Baydoun Hussein, Hussain Naushair, Wu Ken O, Kelly Colleen R, Fischer Monika
Department of Medicine, Indiana University School of Medicine, Indianapolis, IN, USA.
Division of Gastroenterology, Hepatology and Endoscopy, Brigham and Women's Hospital, Harvard Medical School, Boston, MA, USA.
Biologics. 2025 Aug 21;19:481-496. doi: 10.2147/BTT.S486372. eCollection 2025.
Fecal microbiota transplantation (FMT) has evolved from a niche therapy to a cornerstone in the treatment of recurrent infection (rCDI). Initially introduced in the 1950s, its relevance has surged with the emergence of virulent and antibiotic-resistant strains. In recent years, the FDA approved two standardized microbiota-based therapeutics-Rebyota™ (fecal microbiota, live-jslm) and Vowst™ (fecal microbiota spores, live-brpk)-for rCDI prevention. Multiple pivotal trials support the efficacy and safety of both traditional FMT and the FDA-approved prescription FMTs, with sustained response rates surpassing 80% in select populations. In parallel, live biotherapeutic products (LBPs)-donor independent, well-defined microbial consortia produced in laboratory setting are under development. Examples include VE303 and NTCD-M3, a single non-toxigenic C. difficile strain (M3). Beyond the FDA approved therapeutics, conventional FMT is gaining traction as a potential treatment for severe or fulminant CDI, especially in patients not responding to antibiotics and ineligible for surgery. Investigational indications include decolonizing multidrug-resistant organisms and treatment of noninfectious conditions such as inflammatory bowel disease, irritable bowel syndrome, liver disease, and metabolic syndrome. Given the differing pathophysiology of these conditions, a tailored approach supported by rigorous clinical trials is essential.

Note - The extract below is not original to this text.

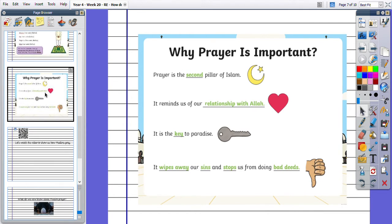And why is prayer important? Prayer is the second pillar of Islam. It reminds us of our relationship with Allah. It is the key to paradise and it wipes away our sins and stops us from doing bad deeds.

Although there is a growing shift, particularly in the United States, toward the use of FDA-approved FMTs, global practices remain heterogeneous, with conventional FMT still widely employed. Meanwhile, regulatory pathways and clinical guidelines for microbiota-derived biologics and live biotherapeutic products continue to evolve. In this manuscript, we provide an update on the emerging use of FDA-approved prescription microbiota-derived therapeutics for the prevention of rCDI, review data on investigational agents including both donor dependent and donor independent microbial products, and summarize current evidence on the use of conventional FMT for indications beyond prevention of rCDI.
粪便微生物群移植(FMT)已从一种小众疗法发展成为治疗复发性艰难梭菌感染(rCDI)的基石。它最初于20世纪50年代被引入,随着毒性强和耐药菌株的出现,其相关性急剧上升。近年来,美国食品药品监督管理局(FDA)批准了两种基于微生物群的标准化疗法——Rebyota™(活的冻融稳定的粪便微生物群)和Vowst™(活的冻融稳定的粪便微生物群孢子)用于预防rCDI。多项关键试验支持传统FMT以及FDA批准的处方FMT的疗效和安全性,在特定人群中持续缓解率超过80%。与此同时,在实验室环境中生产的供体独立、明确的微生物群落——活菌生物治疗产品(LBPs)正在开发中。例子包括VE303和NTCD-M3,后者是单一的无毒艰难梭菌菌株(M3)。除了FDA批准的疗法外,传统FMT作为重度或暴发性CDI的潜在治疗方法正越来越受到关注,特别是在对抗生素无反应且不适合手术的患者中。研究适应症包括清除多重耐药菌以及治疗炎症性肠病、肠易激综合征、肝病和代谢综合征等非感染性疾病。鉴于这些疾病不同的病理生理学,由严格的临床试验支持的量身定制方法至关重要。尽管尤其是在美国,越来越倾向于使用FDA批准的FMT,但全球实践仍然存在差异,传统FMT仍被广泛应用。与此同时,微生物群衍生生物制品和活菌生物治疗产品的监管途径和临床指南也在不断发展。在本手稿中,我们提供了FDA批准的处方微生物群衍生疗法在预防rCDI方面新出现用途的最新情况,回顾了包括供体依赖和供体独立微生物产品在内的研究药物的数据,并总结了目前关于传统FMT用于rCDI预防以外适应症的证据。